Se ajusta a los horarios del otro, a su ritmo, a sus ocupaciones. A veces
porque tiene un trabajo más flexible, más energía o mayor disponibilidad; a
veces porque le sale de forma natural cuidar ese vínculo. Y puede estar bien
durante un tiempo, pero si siempre es así, si el movimiento va en una sola
dirección, conviene pararse a mirarlo. No tanto para reprochar, sino para tomar
conciencia de cómo se está sosteniendo esa relación.
Y ahí
es donde uno puede empezar a elegir. Porque muchas veces, sin darnos cuenta,
somos siempre los mismos los que nos adaptamos, los que proponemos, los que
insistimos un poco más. Y no pasa nada… hasta que pasa, hasta que cansa, hasta
que empiezas a preguntarte si ese esfuerzo está bien colocado.
Quizá
no se trata de dejar de intentarlo con todo el mundo, pero sí de observar, de
ver qué relaciones fluyen y cuáles siempre cuestan. De aceptar que no todas
están en el mismo momento, ni tienen el mismo espacio. Y de decidir, con cierta
serenidad, dónde quieres poner tu tiempo.
Las
relaciones, como las plantas, necesitan agua. Necesitan presencia, encuentros,
momentos compartidos. Cuando se riegan, crecen. Cuando no, se van apagando poco
a poco, sin ruido. No suele haber un gran final, simplemente se enfrían.
Por
eso, elegir con quién te relacionas no es una mala idea. No desde el juicio,
sino desde el cuidado. Porque tu tiempo también es limitado. Porque tu vida
también está hecha de esos ratos que compartes. Y porque, al final, qué fácil
es todo cuando es fácil.
Porque
la vida ya tiene suficiente ruido, suficiente exigencia, suficiente prisa. Y en
medio de todo eso, hay personas que suman calma, presencia y facilidad.

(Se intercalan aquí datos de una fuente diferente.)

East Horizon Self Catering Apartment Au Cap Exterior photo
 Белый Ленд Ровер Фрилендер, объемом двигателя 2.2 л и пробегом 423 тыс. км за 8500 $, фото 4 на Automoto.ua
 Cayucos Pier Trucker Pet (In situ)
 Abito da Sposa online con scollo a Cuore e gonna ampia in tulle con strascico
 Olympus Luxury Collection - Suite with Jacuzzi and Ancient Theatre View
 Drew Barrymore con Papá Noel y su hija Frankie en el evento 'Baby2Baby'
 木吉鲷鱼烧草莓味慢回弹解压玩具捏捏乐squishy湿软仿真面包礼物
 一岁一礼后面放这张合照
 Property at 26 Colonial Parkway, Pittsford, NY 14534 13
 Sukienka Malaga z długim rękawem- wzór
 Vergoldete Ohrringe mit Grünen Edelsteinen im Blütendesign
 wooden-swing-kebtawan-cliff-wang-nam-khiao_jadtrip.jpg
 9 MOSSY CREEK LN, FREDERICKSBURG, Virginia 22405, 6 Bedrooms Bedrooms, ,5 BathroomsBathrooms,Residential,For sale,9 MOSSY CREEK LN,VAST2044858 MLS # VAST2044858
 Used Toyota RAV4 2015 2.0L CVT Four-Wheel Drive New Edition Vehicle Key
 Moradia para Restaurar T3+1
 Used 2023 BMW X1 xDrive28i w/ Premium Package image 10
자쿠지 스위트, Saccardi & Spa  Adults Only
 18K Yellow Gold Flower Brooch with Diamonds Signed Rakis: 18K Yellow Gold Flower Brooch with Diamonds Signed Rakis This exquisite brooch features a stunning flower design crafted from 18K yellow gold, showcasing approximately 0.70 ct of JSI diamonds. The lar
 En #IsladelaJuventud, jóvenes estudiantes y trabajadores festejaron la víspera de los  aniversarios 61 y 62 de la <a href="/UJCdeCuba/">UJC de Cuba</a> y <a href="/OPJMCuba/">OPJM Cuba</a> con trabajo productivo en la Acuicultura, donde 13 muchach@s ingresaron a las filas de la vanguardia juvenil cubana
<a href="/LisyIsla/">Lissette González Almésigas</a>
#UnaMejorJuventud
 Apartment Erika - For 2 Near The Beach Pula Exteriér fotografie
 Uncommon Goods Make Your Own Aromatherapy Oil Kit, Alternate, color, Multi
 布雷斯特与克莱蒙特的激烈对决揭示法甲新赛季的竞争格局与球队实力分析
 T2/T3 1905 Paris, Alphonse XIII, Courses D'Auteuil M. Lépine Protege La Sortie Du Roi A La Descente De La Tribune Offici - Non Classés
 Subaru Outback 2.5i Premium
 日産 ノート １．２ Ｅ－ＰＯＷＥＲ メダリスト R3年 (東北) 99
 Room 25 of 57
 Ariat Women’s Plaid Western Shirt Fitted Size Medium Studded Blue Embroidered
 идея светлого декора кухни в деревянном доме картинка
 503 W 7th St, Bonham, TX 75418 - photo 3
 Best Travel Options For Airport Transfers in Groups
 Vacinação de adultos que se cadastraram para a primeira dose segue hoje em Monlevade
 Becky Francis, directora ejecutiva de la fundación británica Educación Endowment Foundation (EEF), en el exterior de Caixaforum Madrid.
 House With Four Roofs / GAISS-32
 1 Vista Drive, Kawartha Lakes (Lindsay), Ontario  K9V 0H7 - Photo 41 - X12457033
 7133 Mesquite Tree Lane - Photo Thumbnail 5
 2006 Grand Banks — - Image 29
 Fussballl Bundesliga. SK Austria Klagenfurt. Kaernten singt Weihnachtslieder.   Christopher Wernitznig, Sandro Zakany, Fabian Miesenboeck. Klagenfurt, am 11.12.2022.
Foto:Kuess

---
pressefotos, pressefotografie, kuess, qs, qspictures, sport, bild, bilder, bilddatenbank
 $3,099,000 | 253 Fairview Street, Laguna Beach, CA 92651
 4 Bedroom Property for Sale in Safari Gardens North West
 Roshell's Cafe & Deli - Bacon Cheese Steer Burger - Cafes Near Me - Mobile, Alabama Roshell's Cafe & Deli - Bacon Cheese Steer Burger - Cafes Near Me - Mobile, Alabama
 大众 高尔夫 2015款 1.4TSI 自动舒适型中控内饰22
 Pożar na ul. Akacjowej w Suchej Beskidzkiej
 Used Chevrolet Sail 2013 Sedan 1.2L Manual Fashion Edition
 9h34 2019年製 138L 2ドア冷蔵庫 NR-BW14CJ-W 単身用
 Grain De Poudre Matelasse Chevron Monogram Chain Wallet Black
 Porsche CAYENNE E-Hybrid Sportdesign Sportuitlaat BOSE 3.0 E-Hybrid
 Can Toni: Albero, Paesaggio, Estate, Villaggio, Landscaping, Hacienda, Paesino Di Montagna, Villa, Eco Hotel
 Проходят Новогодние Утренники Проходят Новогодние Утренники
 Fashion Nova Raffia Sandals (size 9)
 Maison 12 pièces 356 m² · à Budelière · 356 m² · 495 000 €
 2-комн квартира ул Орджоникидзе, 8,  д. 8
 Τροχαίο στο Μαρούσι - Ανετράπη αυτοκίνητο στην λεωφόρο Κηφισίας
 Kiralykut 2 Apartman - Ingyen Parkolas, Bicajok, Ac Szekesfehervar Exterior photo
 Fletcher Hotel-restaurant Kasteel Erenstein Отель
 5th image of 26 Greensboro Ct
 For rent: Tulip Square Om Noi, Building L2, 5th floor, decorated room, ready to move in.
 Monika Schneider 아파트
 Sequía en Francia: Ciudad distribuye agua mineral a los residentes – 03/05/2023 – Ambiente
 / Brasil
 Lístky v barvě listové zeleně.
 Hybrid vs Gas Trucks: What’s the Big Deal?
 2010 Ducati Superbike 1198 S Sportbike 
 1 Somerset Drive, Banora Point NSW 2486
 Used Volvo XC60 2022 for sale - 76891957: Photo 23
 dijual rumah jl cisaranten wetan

Personas con las que el tiempo no pesa, sino que se disfruta.
Quizá
no se trata de tener muchas relaciones, sino de cuidar bien las que realmente te hacen bien. De elegir espacios
donde puedas ser, donde haya reciprocidad,
donde el tiempo compartido tenga sentido.
Al
final, no es solo con quién pasas el tiempo. Es cómo te sientes cuando lo haces,
aunque sea de año en año. Y eso, conviene no olvidarlo.